• Task to complete
Type out the complete listing below word for word, without its pictures.

• Data provided
#####

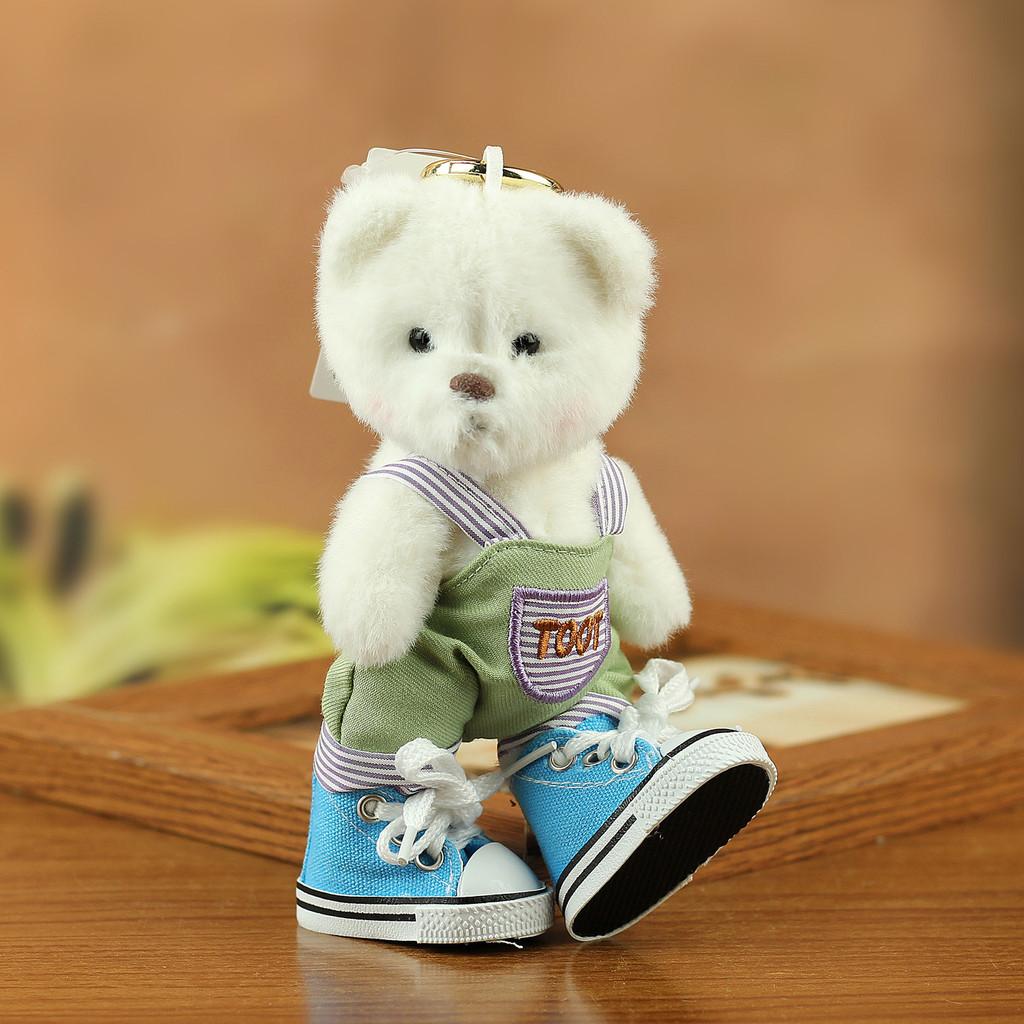 Cute Bear Plush Toy With Jointed Limbs For Kids And Collectors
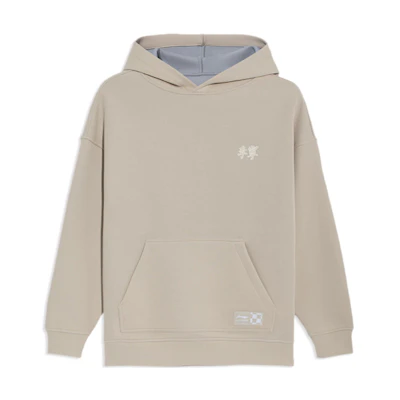Li-Ning Logo Embroidered Reversible Hoodie Oatmeal Grey Unisex Casual Style AWDS087-4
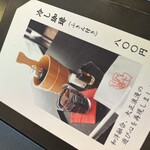 豊島屋菓寮 八十小路 - 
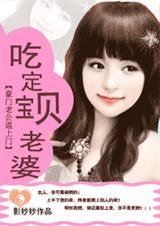 从掠夺词条开始进化篱笆 从掠夺词条开始进化篱笆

#####

• Answer space
 Cute Bear Plush Toy With Jointed Limbs For Kids And Collectors
Li-Ning Logo Embroidered Reversible Hoodie Oatmeal Grey Unisex Casual Style AWDS087-4
 豊島屋菓寮 八十小路 - 
 从掠夺词条开始进化篱笆 从掠夺词条开始进化篱笆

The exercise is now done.